_What is expected_
What you give back must match the records below word for word.

_Records provided_

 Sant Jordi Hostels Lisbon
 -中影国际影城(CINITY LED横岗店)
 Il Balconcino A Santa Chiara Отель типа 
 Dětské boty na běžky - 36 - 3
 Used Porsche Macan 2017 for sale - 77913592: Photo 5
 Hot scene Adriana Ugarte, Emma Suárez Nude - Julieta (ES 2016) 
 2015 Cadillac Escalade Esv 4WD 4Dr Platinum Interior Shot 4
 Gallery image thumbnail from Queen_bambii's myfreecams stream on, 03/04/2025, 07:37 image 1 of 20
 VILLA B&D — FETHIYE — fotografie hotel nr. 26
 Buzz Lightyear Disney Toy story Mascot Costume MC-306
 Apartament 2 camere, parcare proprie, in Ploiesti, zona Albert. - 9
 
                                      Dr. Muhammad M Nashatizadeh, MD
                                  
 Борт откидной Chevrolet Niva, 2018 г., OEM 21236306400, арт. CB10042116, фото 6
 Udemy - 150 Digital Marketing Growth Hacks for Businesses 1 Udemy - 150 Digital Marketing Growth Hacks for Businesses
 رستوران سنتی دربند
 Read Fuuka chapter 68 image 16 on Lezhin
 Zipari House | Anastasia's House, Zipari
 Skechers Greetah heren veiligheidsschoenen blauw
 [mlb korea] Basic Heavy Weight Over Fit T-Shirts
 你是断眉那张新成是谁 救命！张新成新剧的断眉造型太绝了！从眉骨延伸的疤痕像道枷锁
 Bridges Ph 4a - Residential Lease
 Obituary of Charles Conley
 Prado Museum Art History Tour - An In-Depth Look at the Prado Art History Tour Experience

_Response to the exercise_
 Sant Jordi Hostels Lisbon
 -中影国际影城(CINITY LED横岗店)
 Il Balconcino A Santa Chiara Отель типа 
 Dětské boty na běžky - 36 - 3
 Used Porsche Macan 2017 for sale - 77913592: Photo 5
 Hot scene Adriana Ugarte, Emma Suárez Nude - Julieta (ES 2016) 
 2015 Cadillac Escalade Esv 4WD 4Dr Platinum Interior Shot 4
 Gallery image thumbnail from Queen_bambii's myfreecams stream on, 03/04/2025, 07:37 image 1 of 20
 VILLA B&D — FETHIYE — fotografie hotel nr. 26
 Buzz Lightyear Disney Toy story Mascot Costume MC-306
 Apartament 2 camere, parcare proprie, in Ploiesti, zona Albert. - 9
 
                                      Dr. Muhammad M Nashatizadeh, MD
                                  
 Борт откидной Chevrolet Niva, 2018 г., OEM 21236306400, арт. CB10042116, фото 6
 Udemy - 150 Digital Marketing Growth Hacks for Businesses 1 Udemy - 150 Digital Marketing Growth Hacks for Businesses
 رستوران سنتی دربند
 Read Fuuka chapter 68 image 16 on Lezhin
 Zipari House | Anastasia's House, Zipari
 Skechers Greetah heren veiligheidsschoenen blauw
 [mlb korea] Basic Heavy Weight Over Fit T-Shirts
 你是断眉那张新成是谁 救命！张新成新剧的断眉造型太绝了！从眉骨延伸的疤痕像道枷锁
 Bridges Ph 4a - Residential Lease
 Obituary of Charles Conley
 Prado Museum Art History Tour - An In-Depth Look at the Prado Art History Tour Experience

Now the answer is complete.